* **INPUT FOR THIS TASK**:
- - -

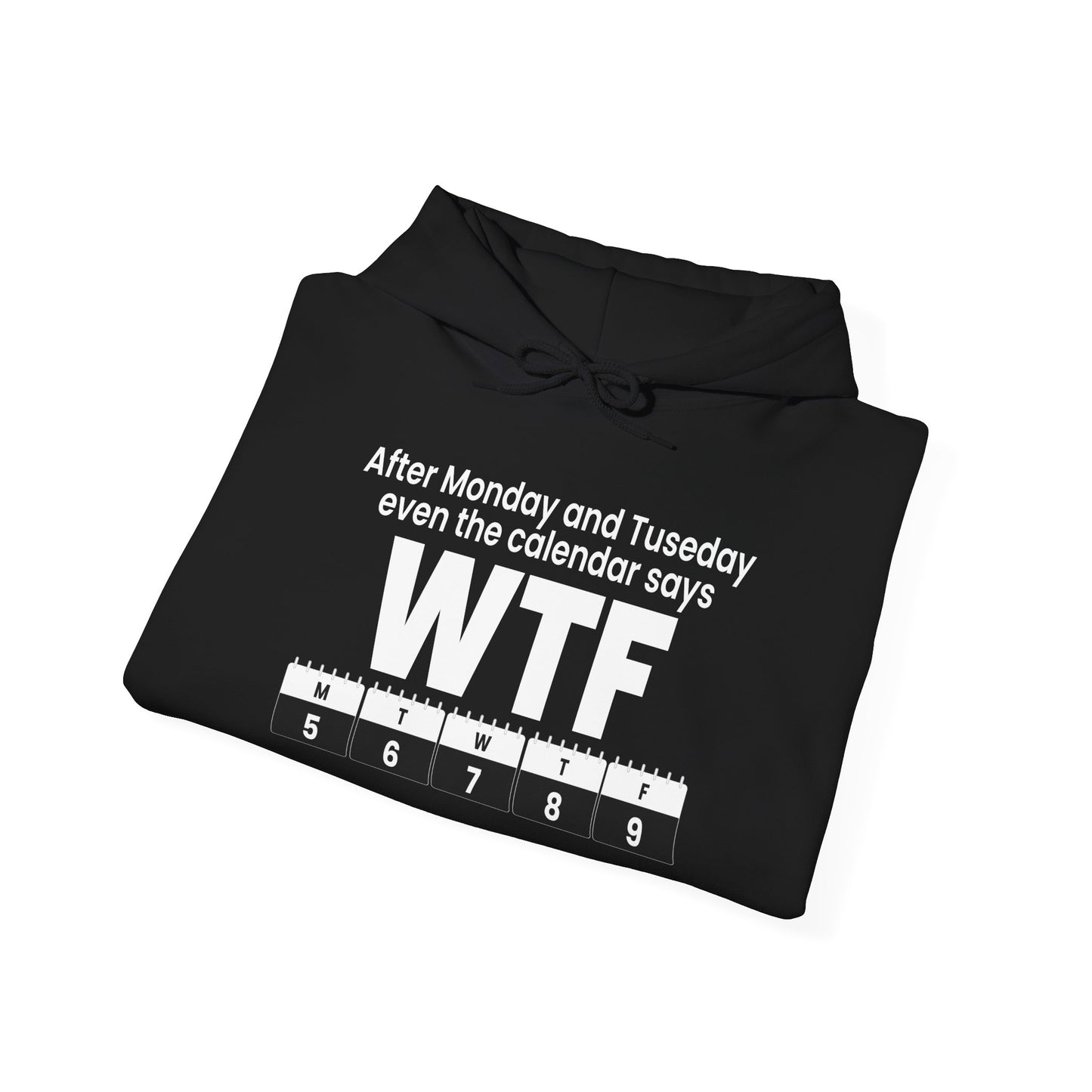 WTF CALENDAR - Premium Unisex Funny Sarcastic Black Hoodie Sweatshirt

- - -

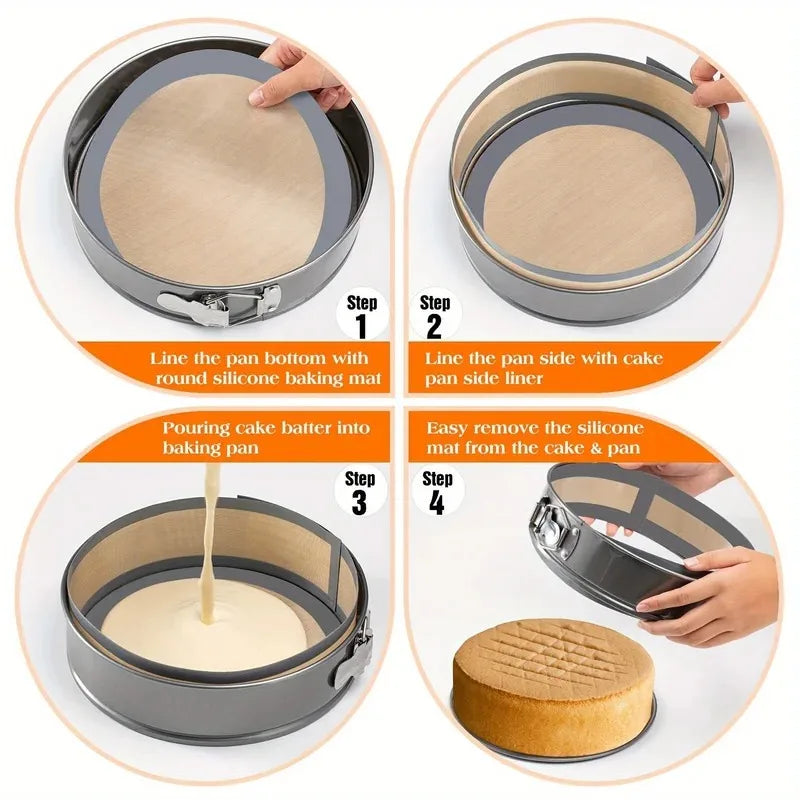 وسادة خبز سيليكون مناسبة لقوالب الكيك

- - -

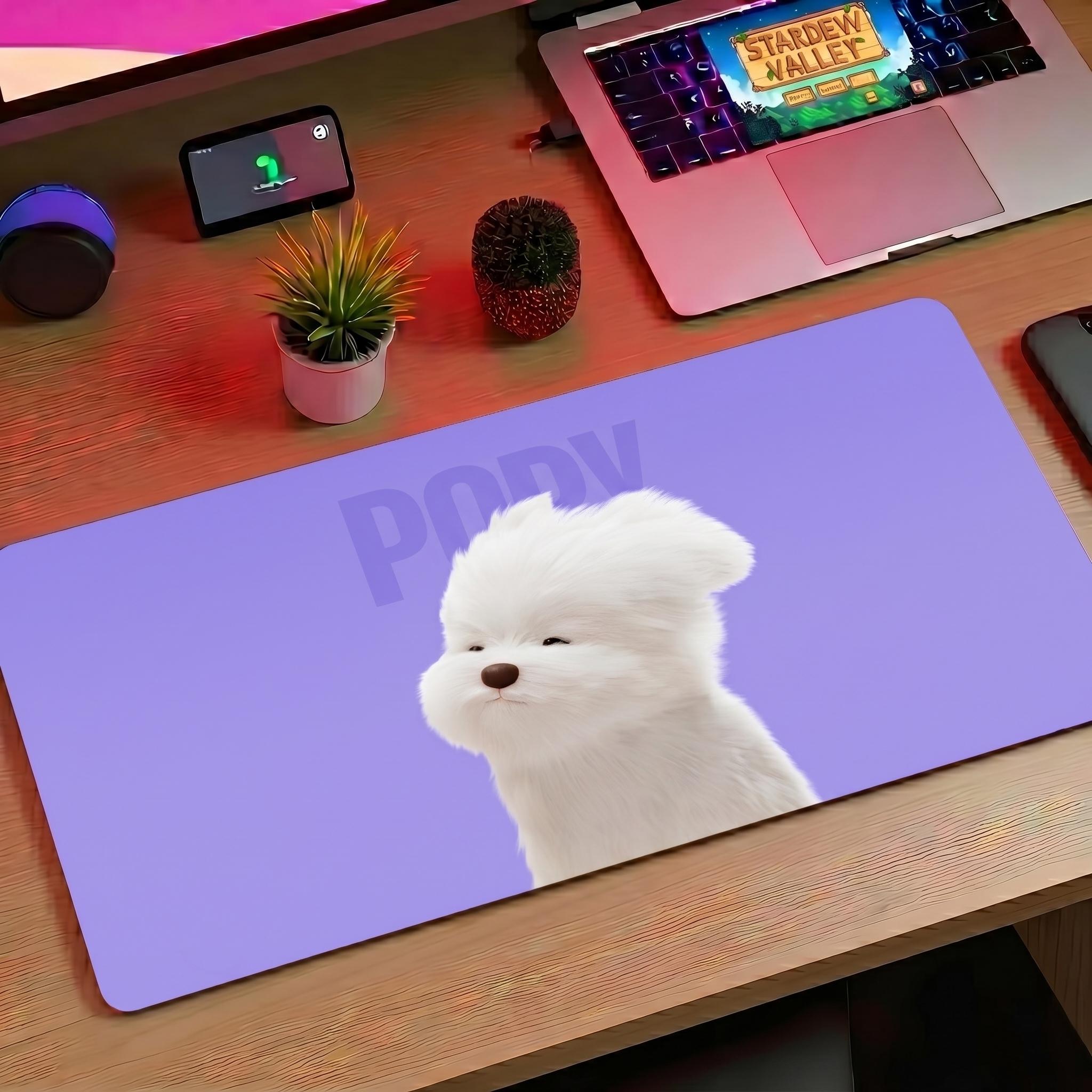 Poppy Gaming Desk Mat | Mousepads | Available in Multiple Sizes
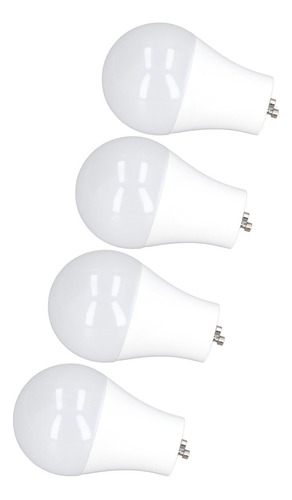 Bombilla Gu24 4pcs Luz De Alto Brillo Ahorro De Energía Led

- - -

* **EXERCISE**:
Set down word for word the lines above from the one with "Poppy Gaming Desk" up to and including the one with "Bombilla Gu24 4pcs". Omit every picture.

* **RESULT FOR THIS EXERCISE**:
 Poppy Gaming Desk Mat | Mousepads | Available in Multiple Sizes
 Bombilla Gu24 4pcs Luz De Alto Brillo Ahorro De Energía Led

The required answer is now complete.